Ils ne passeront pas ! Mais ils ont passé

La Commune de Oaxaca, comme l’a décrite avec un peu d’imagination le quotidien mexicain La Jornada, a ramené ses drapeaux. Deux engins blindés sont placés à l’angle des rues conduisant à la place centrale. Toutefois, le climat apparaît détendu. C’est Valence le premier avril 1939 [depuis novembre 1936, Valence devint la nouvelle capitale de la République espagnole ; la ville tombe aux mains des franquistes le 28 mars 1939 ; le 1er avril Franco annonce que la «guerre est terminée»].

C’est Naples et Paris à la Libération: cigarettes, chocolats, envie d’oublier. Les soldats [la PFP est une force police militarisée], suivant l’heure du jour, sont prêts pour affronter une émeute qui n’arrivera pas. Ils passent leur temps à flirter avec les jeunes filles au centre de la ville. De nombreuses fiançailles et amours sont nés entre ces petits soldats et les jeunes filles de Oaxaca. Les commerçants, les «gamines», les jeunes gens racontent une autre histoire, incroyable, et très différente que celle que l’on connaît: l’APPO c’est terminé ; il ne s’est rien passé ; c’était des guérilleros d’Amérique Centrale ; ce n’était pas des gens de Oaxaca. Mais, il y a de nombreux prisonniers: «ils ne sont pas d’ici». Ou encore la formule qui fait frissonner et bien connue: «ils ne doivent pas y être pour rien».

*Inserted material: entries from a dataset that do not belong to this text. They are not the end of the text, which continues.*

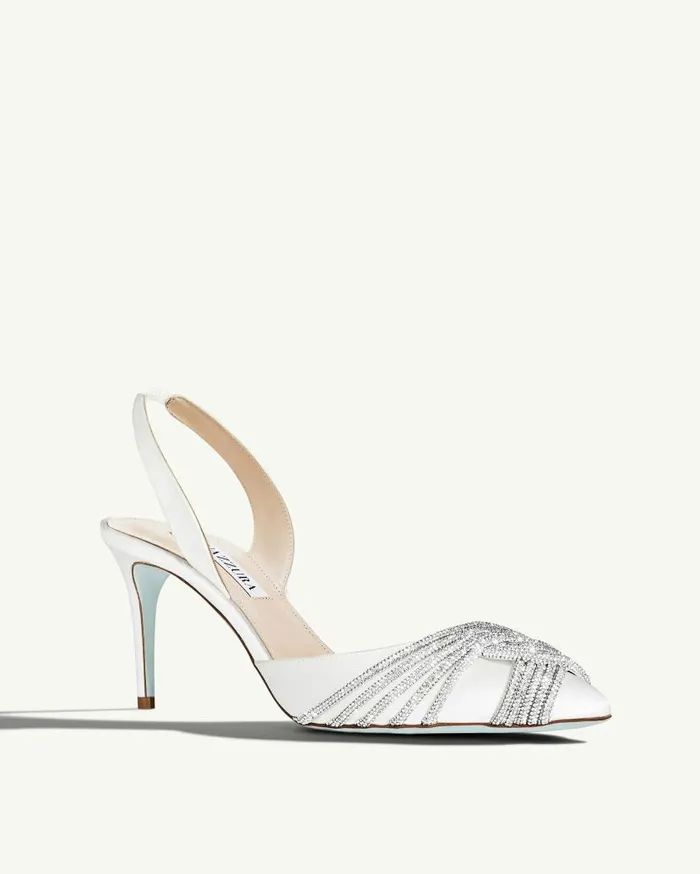 Gatsby Sling Satin 75 White Women Aquazzura Bridal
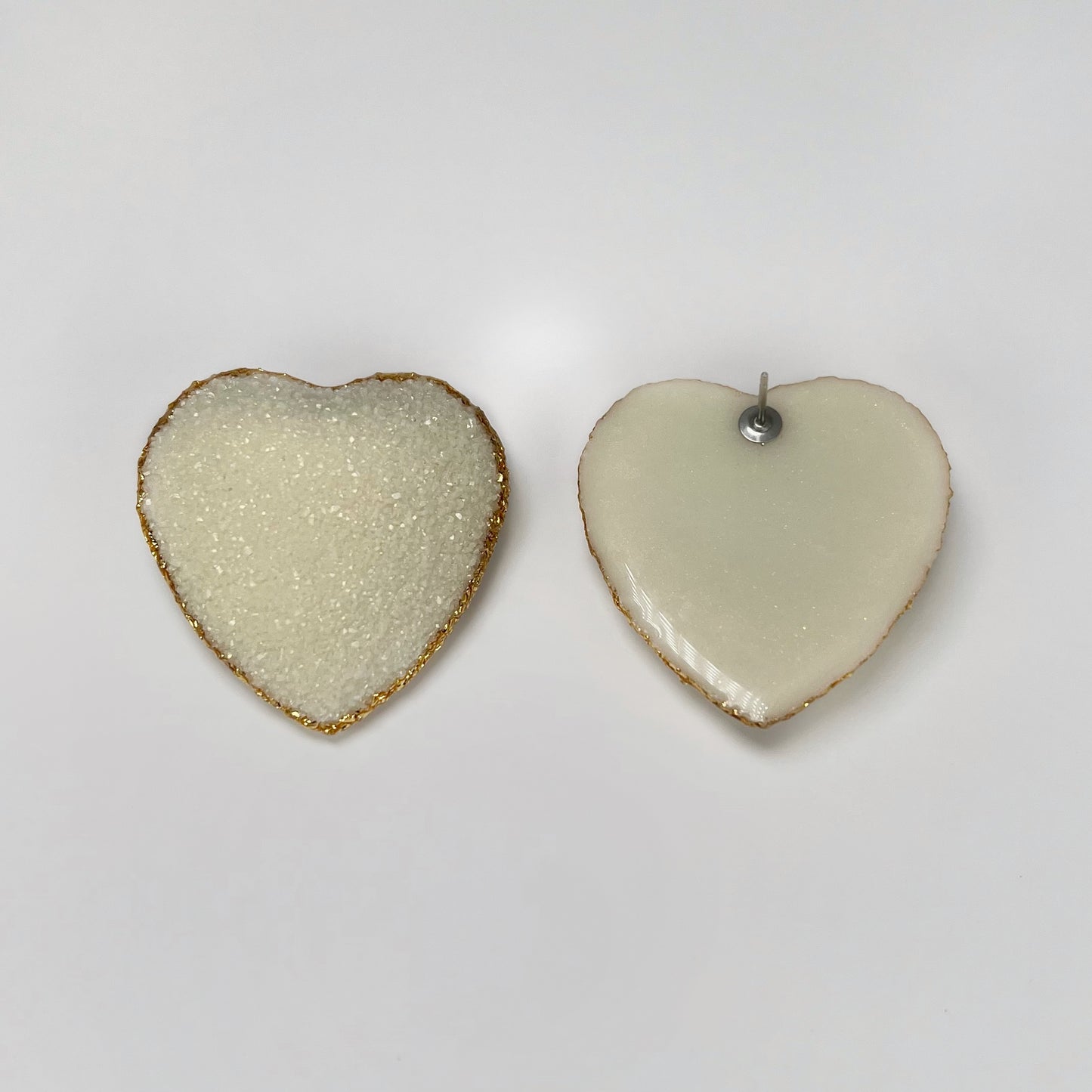 heart stud earrings, epoxy resin earrings, epoxy resin stud earrings, white stud earrings, ivory stud earrings, stud earrings, stainless steel earrings, hypoallergenic earrings, crystal earrings, druse earrings, druzy studs, druzy earrings, heart earrings, earring gift for her
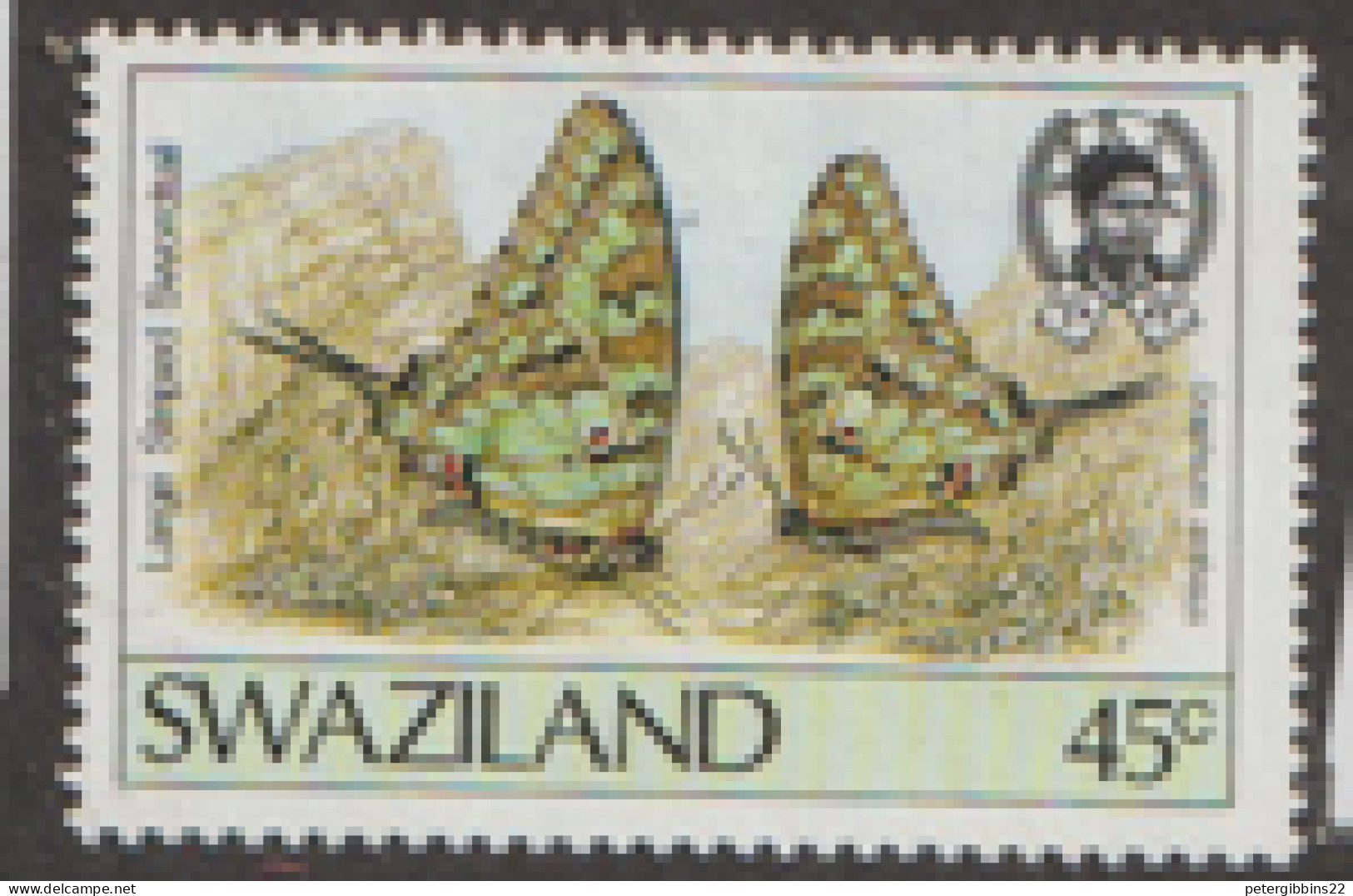 Swaziland  1987  SG 522  45c Butterfly Fine Used - Swaziland (...-1967)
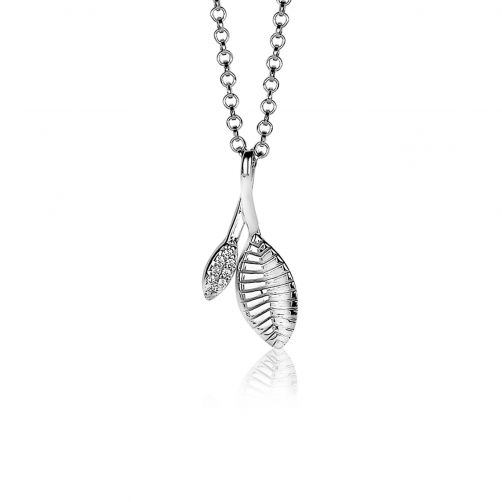 ZINZI zilveren hanger 23mm blaadjes bewerkt/witte zirconia ZIH2087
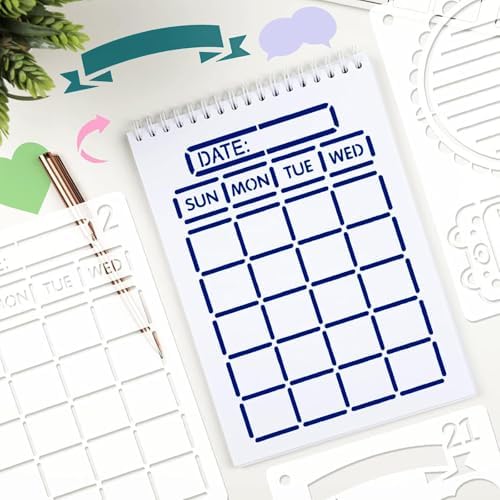 Journal Stencils 35 Pcs Set, Journal Planner Colored Pens 24 Pcs Set, Reusable Plastic Templates for Planners, Calendars, Notebooks, Daily Weekly Monthly Layouts, Letters, Numbers, Decorative Designs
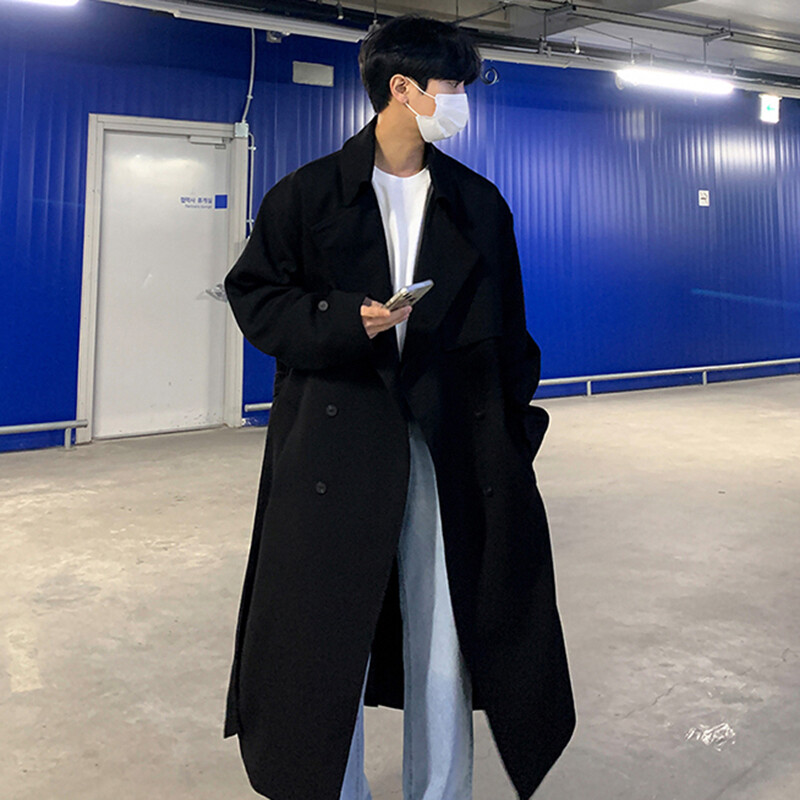 IEFB Φθινοπωρινό χειμερινό πανωφόρι Ανδρικό παλτό μεσαίου μήκους Κορεατική μόδα χαλαρό γόνατο πάνω από βρετανική τάφρο με βαμβακερά αντιανεμικά 9C1874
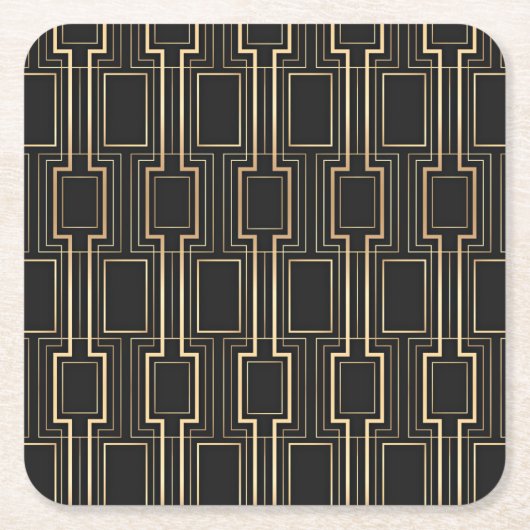 Art Deco Geometrics Black en Gold Kartonnen Onderzetters (Voorkant)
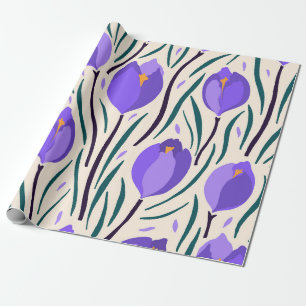 Launische handgezeichnete violette Krokus-Botanik Geschenkpapier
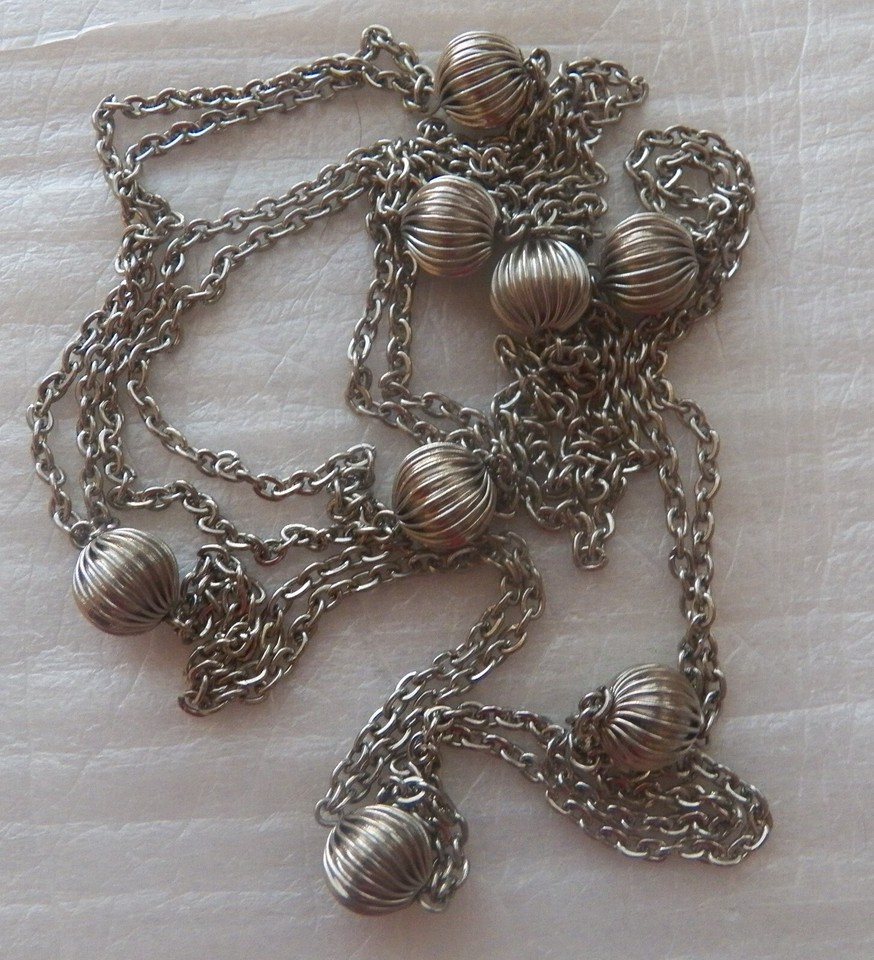 Wire Wrapped Beads Silver Chain Necklace 44 in. Vintage Jewelry Fashion ...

Les jeunes filles, les commerçants, Oaxaca a une mémoire divisée et irréconciliable. Ils ont acheté l’idée de la normalité dont l’industrie touristique a besoin et que Uro leur a vendue. Dans de nombreux carrefours apparaissent des pancartes surréalistes: «Les habitants du quartier remercient le gouverneur pour les améliorations dans les conditions de vie». Le nouveau Mexique symbolisé par Uro (du Parti révolutionnaire institutionnel - PRI) et Fecal (le nouveau président Felipe Calderon du Parti d’action nationale – PAN),  fait montre de sa sinistre normalité, pour l’exportation.

L’autre réalité

On m’avait averti que je ne rencontrerai personne. Le jeune du petit local internet où se réunissaient les gens d’Indymedia et d’autres médias alternatifs tuent quelques martiens sur l’écran de son jeu vidéo: «Cela fait des jours que tous sont partis». Le prix payé avec la mort de Brad Will, le cameraman américain d’Indymedia tué par la police, est énorme. Mais, la logique d’information des médias commerciaux a suivi son cours. Ils sont arrivés avec la marée montante et ils sont repartis lors de son reflux, laissant les gens de Oaxaca face aux intempéries.

Flavio Sosa était l’un des 260 «dirigeants» [élus en novembre 2006] de l’APPO, une assemblée qui ne reconnaît pas de leadership hiérarchisé. Sosa a une histoire politique controversée. Il aurait vécu toute sa vie dans cette zone grise entre la politique et le clientélisme ; et à certains moments, il a travaillé pour Vicente Fox [ex-président du Mexique, membre du PAN].

D’allure indigène – ce qui dans ce pays ne lui est pas favorable – il ressemblait à Abimael Guzman, le chef de Sendero Luminoso [1]. Beaucoup affirment que Sosa était le dirigeant parfait afin que les ennemis de l’APPO puissent dénigrer cette assemblée. Ce qui est certain, c’est qu’aujourd’hui, après être tombé dans le piège, il est la figure publique d’un mouvement qui, avec l’arrestation du leader, est considéré comme battu.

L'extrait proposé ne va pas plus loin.